**What the task asks**
Copying starts at the line containing "5th image of 330 W 72nd St APT 11C" and stops after the last line of the records; each line is repeated exactly, and pictures are skipped.

- - - -

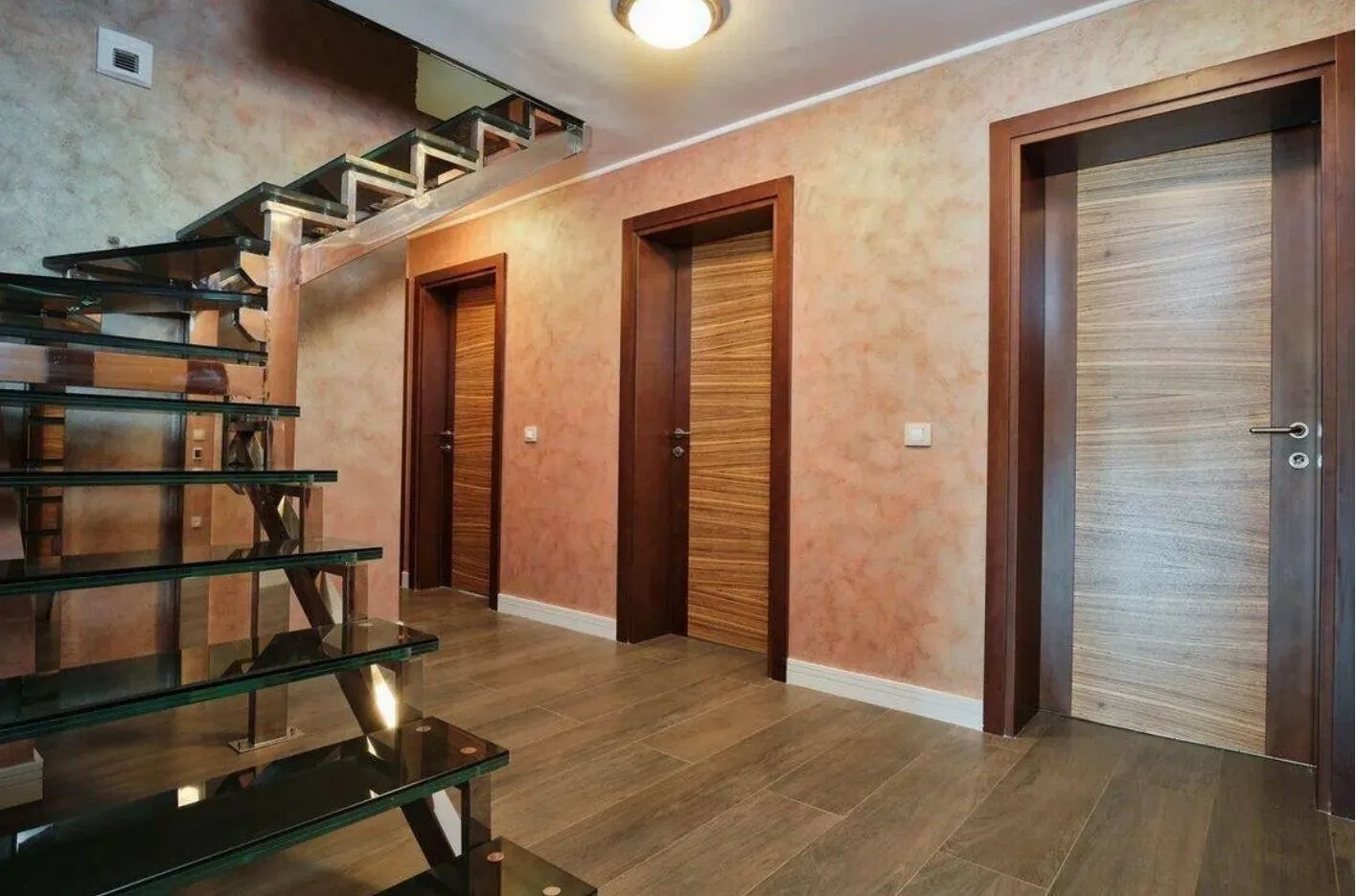 Sale, four bedroom apartment, 350m², Rafailovići, Budva
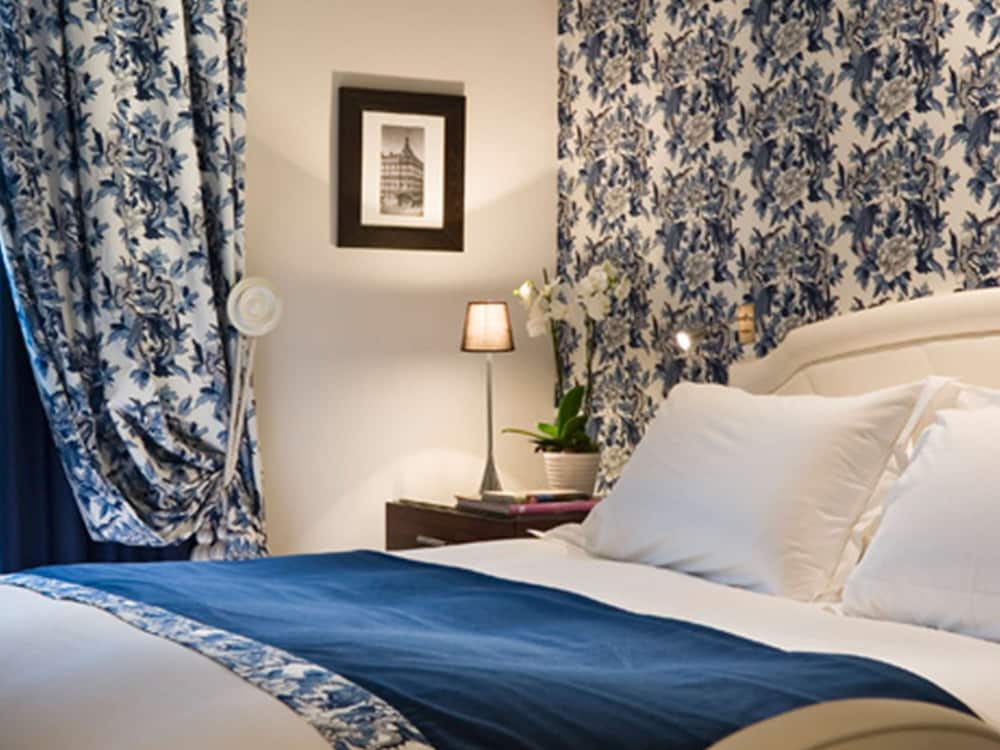 Superior Room, 1 Double Bed, Courtyard Area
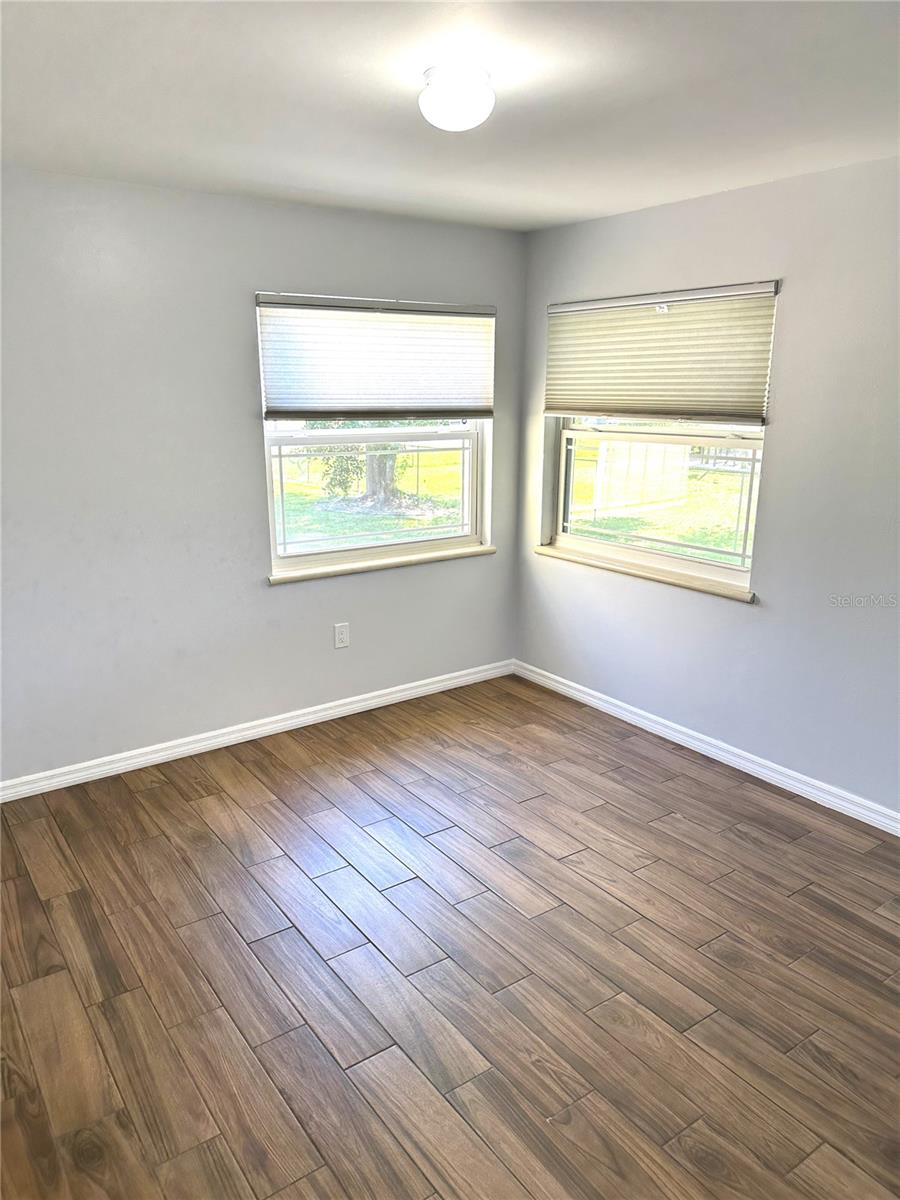 Image 24 of 33 For 2849 Longleaf Court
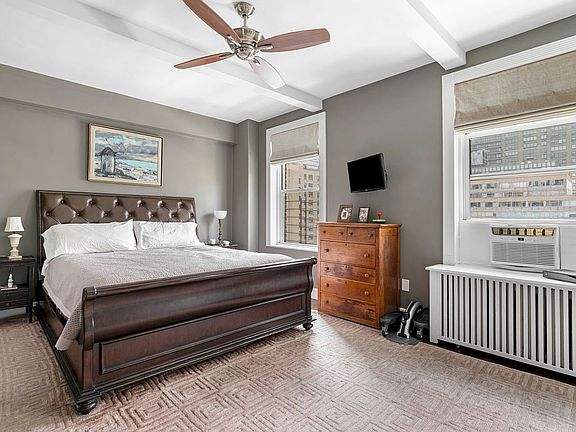5th image of 330 W 72nd St APT 11C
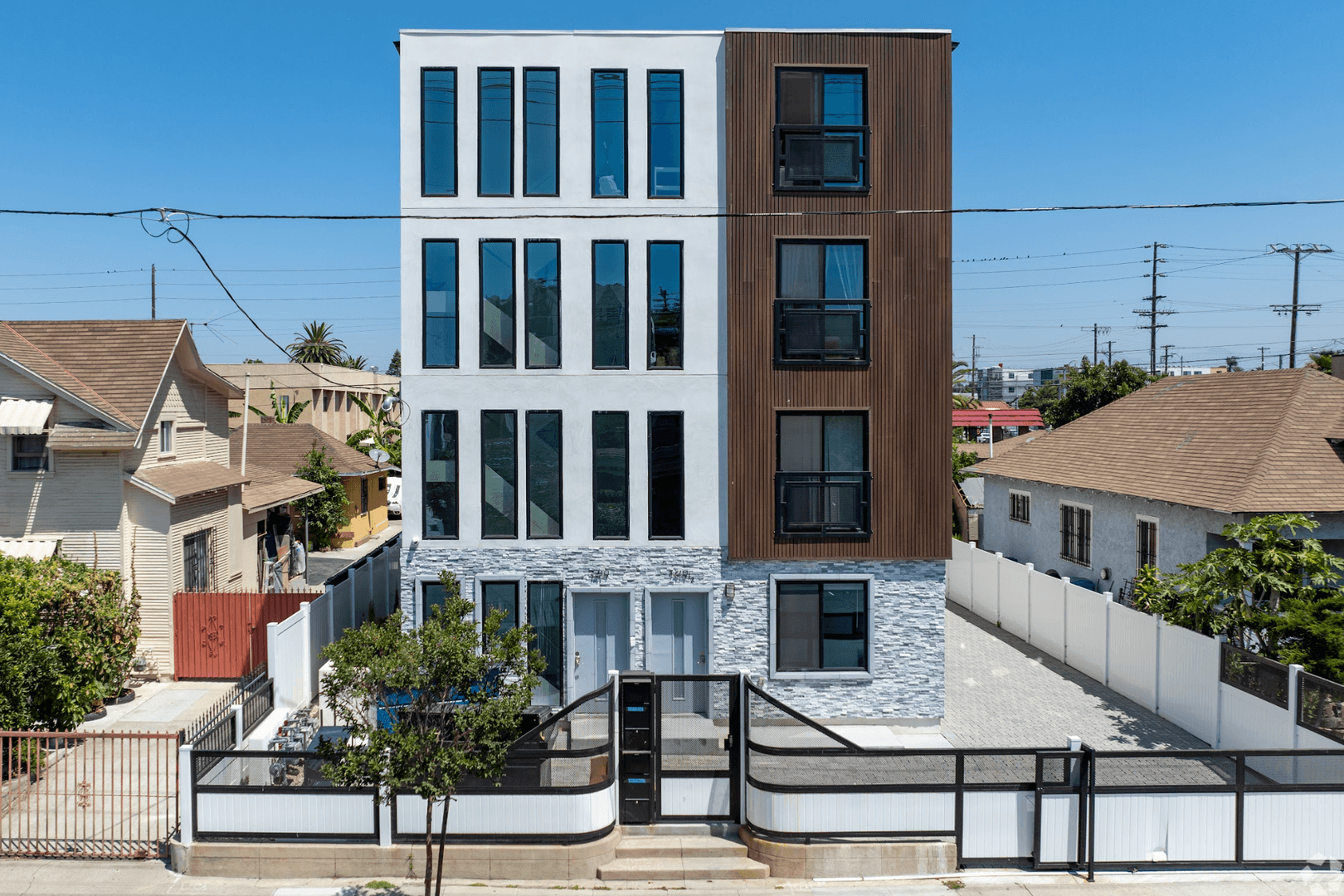 Los Angeles Apartment: 1419 West 35th Street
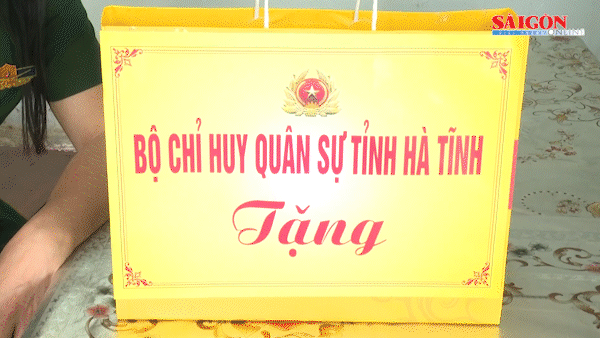 'Mẹ đỡ đầu' tiếp sức trẻ em kh&oacute; khăn đến trường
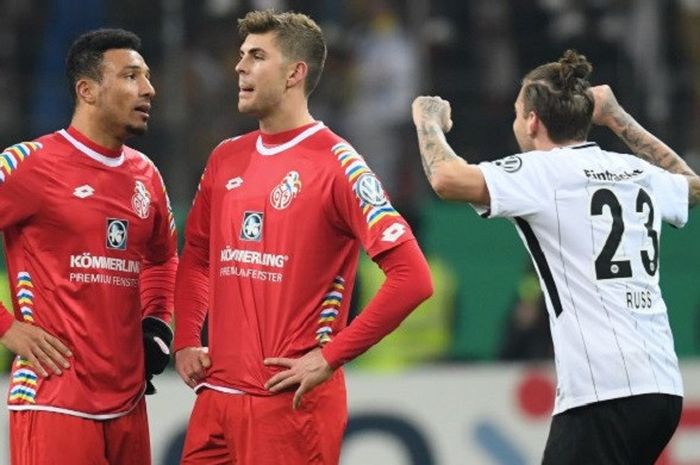 Gelandang Frankfurt, Marco Russ, merayakan gol ketiga timnya ke gawang Mainz 05 di babak perempat final DFB Pokal pada 7 Februari 2018.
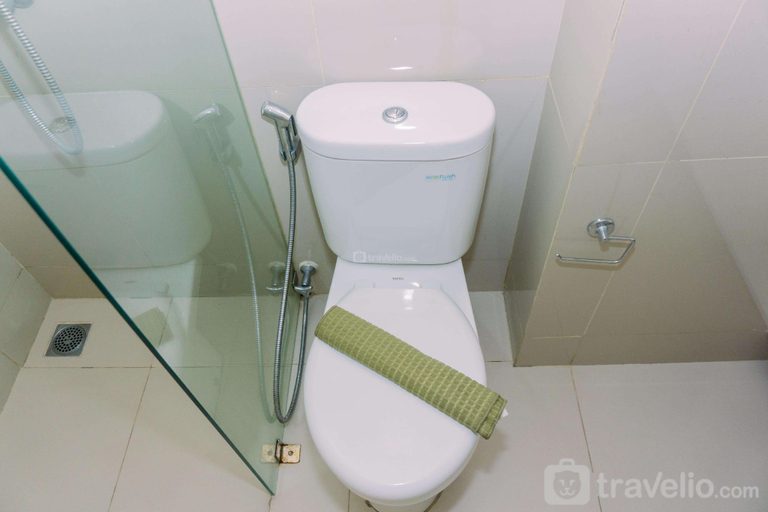 Bathroom, Cozy Living Studio Tree Park City BSD By Travelio, Tangerang Selatan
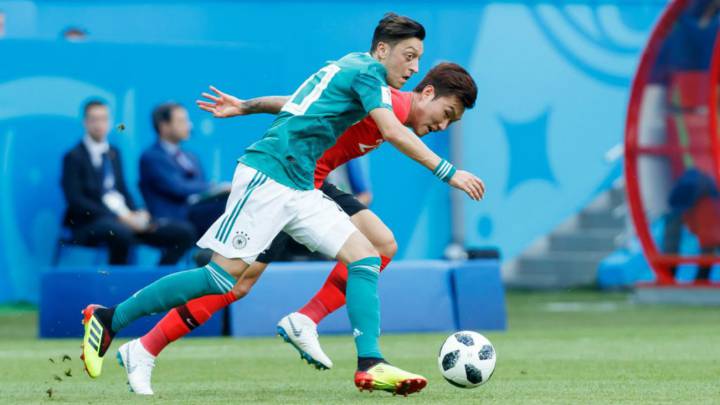 ¿Por qué se iría Mesut Ozil de la Selección Alemana?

- - - -

**Exercise output**
5th image of 330 W 72nd St APT 11C
 Los Angeles Apartment: 1419 West 35th Street
 'Mẹ đỡ đầu' tiếp sức trẻ em kh&oacute; khăn đến trường
 Gelandang Frankfurt, Marco Russ, merayakan gol ketiga timnya ke gawang Mainz 05 di babak perempat final DFB Pokal pada 7 Februari 2018.
 Bathroom, Cozy Living Studio Tree Park City BSD By Travelio, Tangerang Selatan
 ¿Por qué se iría Mesut Ozil de la Selección Alemana?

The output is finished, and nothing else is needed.